このような硫化物系固体電解質の材料として使用される硫化リチウム(Li2S)は、天然鉱産物として産出されないため、合成によって提供される。
【0008】
従来の硫化リチウム合成方法の一つは、水酸化リチウム(LiOH)とガス状硫黄源である硫化水素との反応を利用する方法であって、特開平09-278423号では、水酸化リチウム粒子の直径が0.1~1.5mmとなるように粉体化し、不活性ガス雰囲気下で水酸化リチウムと硫化水素との反応時の加熱温度を80~445℃として、乾式で硫化リチウムを製造する方法を提案した。
【0009】
しかし、上述した乾式硫化リチウムの製造方法において、水酸化リチウムは、吸湿性が高いため凝集しやすくて大量取り扱いが難しいだけでなく、得られる硫化リチウムの微粉化を図ることが容易ではなく、硫化リチウムの量産が難しいという問題点がある。
【発明の概要】
【発明が解決しようとする課題】
【0010】
本発明は、かかる問題点を解決するためのもので、その目的は、大量生産が可能な高純度の硫化リチウムを得ることができる硫化リチウムの製造方法を提供することにある。
ただし、上記目的は例示的なものであり、本発明の技術的思想はこれに限定されるものではない。
【課題を解決するための手段】
【0011】
上記目的を達成するための本発明の一態様は、a)水酸化リチウム(LiOH)及び有機溶媒を含む反応液を100℃以上に昇温させた後、硫化水素(H2S)ガスを注入して常圧よりも高い圧力下で反応させる段階と、b)a)段階後、反応器の内部圧力が常圧に戻ると、再び前記反応液に硫化水素(H2S)ガスを注入し、再反応させる過程を1回以上繰り返し行う段階と、c)b)段階後、前記反応液の有機溶媒を除去して一次反応物を得る段階と、d)前記一次反応物を100℃以上に昇温させた後、硫化水素(H2S)ガスを注入して常圧よりも高い圧力下で反応させる段階と、e)d)段階後、真空ポンプを介して反応副生成物である水を除去した後、再び硫化水素(H2S)ガスを注入し、再反応させる過程を1回以上繰り返し行う段階と、を含む、硫化リチウムの製造方法に関する。
【0012】
前記一態様において、前記a)段階及びb)段階は、互いに独立して100~150℃の反応温度で行われることができる。
前記一態様において、前記有機溶媒は、芳香族有機溶媒、アミド系有機溶媒及び硫黄含有有機溶媒の中から選択される2種以上の混合溶媒であってもよい。
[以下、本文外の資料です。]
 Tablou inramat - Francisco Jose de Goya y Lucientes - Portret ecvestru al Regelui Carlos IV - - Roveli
具体的には、例えば、前記芳香族有機溶媒は、アルキルベンゼン、ジアルキルベンゼン、アルキルナフタレン、ジアルキルナフタレン、アルキルビフェニル及びジアルキルビフェニルの中から選択される1種以上であり、前記アミド系有機溶媒は、N-メチル-2-ピロリドン(NMP)、N,N’-ジメチルアセトアミド(DMAc)、ヘキサメチルホスホアミド(HMPA)及びN,N-ジメチルホルムアミド(DMF)の中から選択される1種以上であってよく、前記硫黄含有有機溶媒は、アルキレンサルファイト、ジアルキルサルファイト、ジアリールサルファイト及びアルキルアリールサルファイトの中から選択される1種以上であるスルファイト(sulfite)系溶媒であってもよい。
【0013】
前記一態様において、前記混合溶媒は、芳香族有機溶媒:硫黄含有有機溶媒の体積比が1:0.1~10であってもよい。
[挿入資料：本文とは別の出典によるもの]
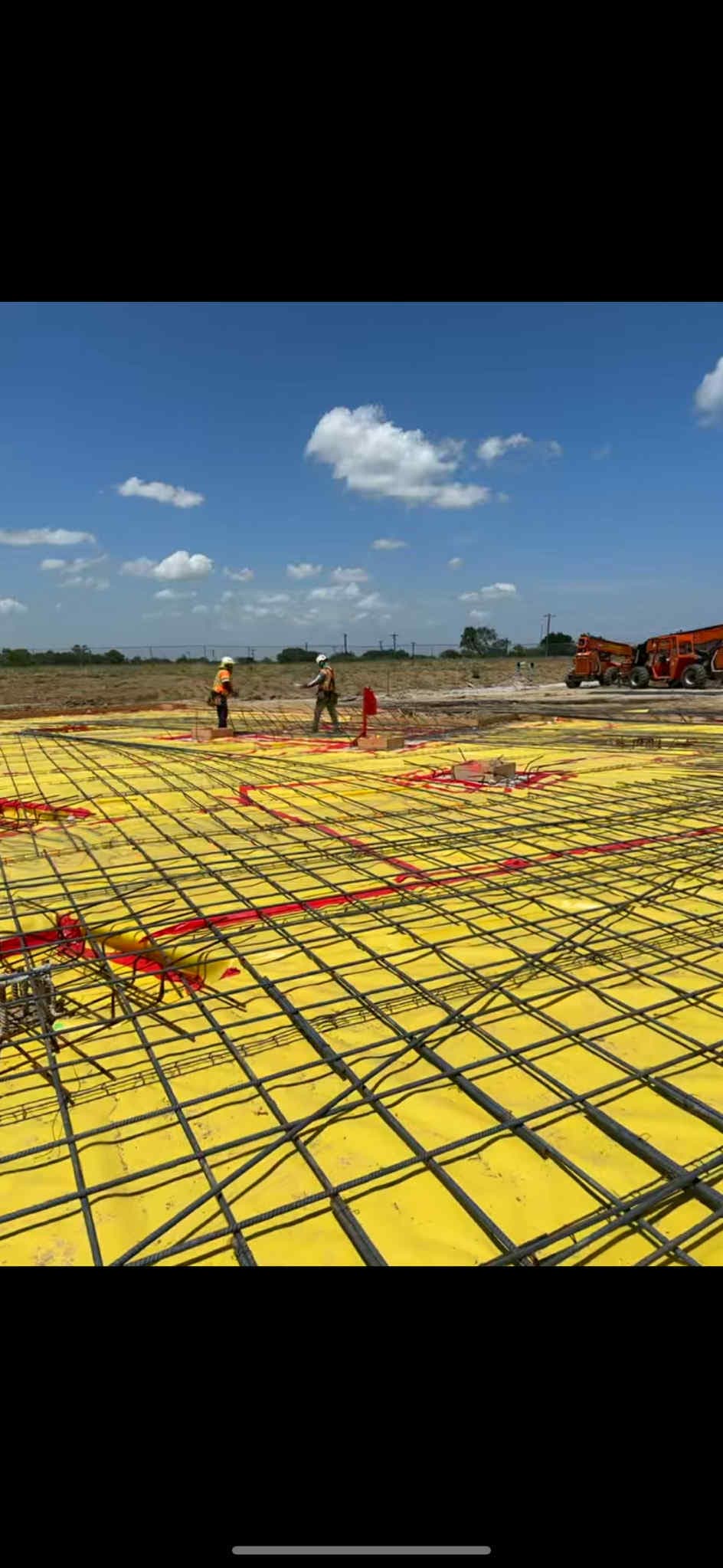 Professional rebar installation team serving Dallas-Fort Worth area with expertise in commercial and industrial reinforcing steel placement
前記一態様において、前記反応液中の水酸化リチウム(LiOH)の濃度は、0.1~10Mであってもよい。
前記一態様において、前記b)段階は、10~100回繰り返し行われてもよい。
前記一態様において、前記d)段階及びe)段階は、互いに独立して100~150℃の反応温度で行われてもよい。
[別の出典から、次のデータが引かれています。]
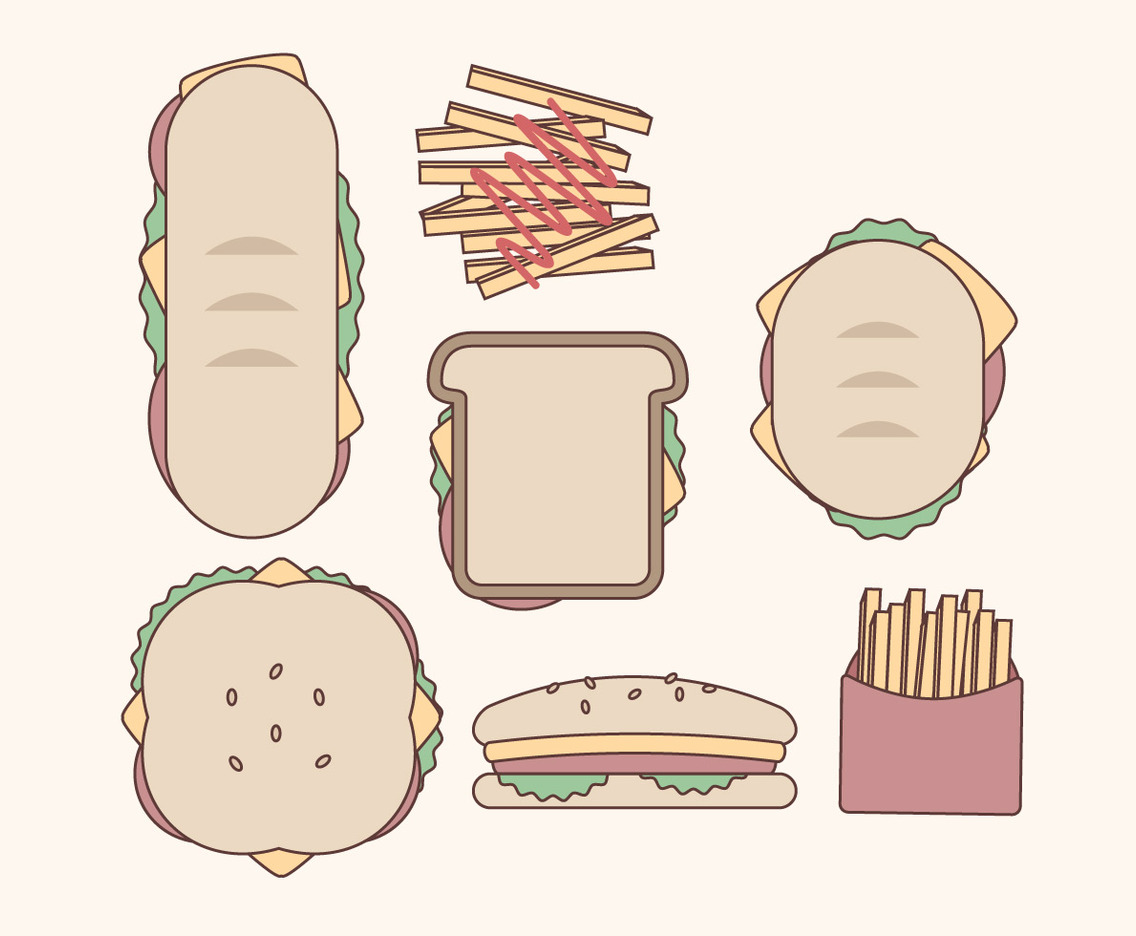 Vector Sandwiches Collection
前記一態様において、前記d)段階及びe)段階は、硫化水素(H2S)ガスと共に不活性ガスがさらに注入されるものであってもよく、具体的には、例えば、前記不活性ガスは、アルゴン(Ar)、ヘリウム(He)及び窒素(N2)の中から選択される1種以上であってもよい。
【発明の効果】
【0014】
本発明に係る硫化リチウムの製造方法は、湿式工程によって水酸化リチウム(LiOH)及び有機溶媒を含む反応液を硫化水素と一次反応させた後、これから得られた一次反応物を乾式工程によって再び硫化水素と二次反応させて硫化リチウムを製造することにより、大量生産が可能な高純度の硫化リチウムを提供することができるという利点がある。
【図面の簡単な説明】
【0015】
【
図1】実施例1によって湿式及び乾式工程で製造された硫化リチウム(Li
2S)のX線回折(XRD)パターン分析結果である。
【
図2】比較例1によって湿式工程で製造された硫化リチウム(Li
2S)のX線回折(XRD)パターン分析結果である。
【発明を実施するための形態】
【0016】
以下、本発明に係る湿式及び乾式工程による高純度硫化リチウムの製造方法について詳細に説明する。以下に紹介される図面は、当業者に本発明の思想が十分に伝達できるように例として提供されるものである。したがって、本発明は、以下に提示される図面に限定されず、他の形態で具体化されてもよく、以下に提示される図面は、本発明の思想を明確にするために誇張されて示されてもよい。このとき、使用される技術用語及び科学用語において他の定義がなければ、本発明の属する技術分野における通常の知識を有する者が通常理解している意味を有し、下記の説明及び添付図面において本発明の要旨を不要に不明確にするおそれのある公知の機能及び構成についての説明は省略する。
【0017】
本発明の一態様は、a)水酸化リチウム(LiOH)及び有機溶媒を含む反応液を100℃以上に昇温させた後、硫化水素(H2S)ガスを注入して常圧よりも高い圧力下で反応させる段階と、b)a)段階後、反応器の内部圧力が常圧に戻ると、再び前記反応液に硫化水素(H2S)ガスを注入し、再反応させる過程を1回以上繰り返し行う段階と、c)b)段階後、前記反応液の有機溶媒を除去して一次反応物を得る段階と、d)前記一次反応物を100℃以上に昇温させた後、硫化水素(H2S)ガスを注入して常圧よりも高い圧力下で反応させる段階と、e)d)段階後、真空ポンプを介して反応副生成物としての水を除去した後、再び硫化水素(H2S)ガスを注入し、再反応させる過程を1回以上繰り返し行う段階と、を含む、硫化リチウムの製造方法に関する。
【0018】
このように、本発明に係る硫化リチウムの製造方法は、湿式工程によって水酸化リチウム(LiOH)及び有機溶媒を含む反応液を硫化水素と一次反応させた後、これから得られた一次反応物を乾式工程によって再び硫化水素と二次反応させて硫化リチウムを製造することにより、大量生産が可能な高純度の硫化リチウムを提供することができるという利点がある。
【0019】
以下、本発明の一例に係る硫化リチウムの製造方法の各段階についてより詳細に説明する。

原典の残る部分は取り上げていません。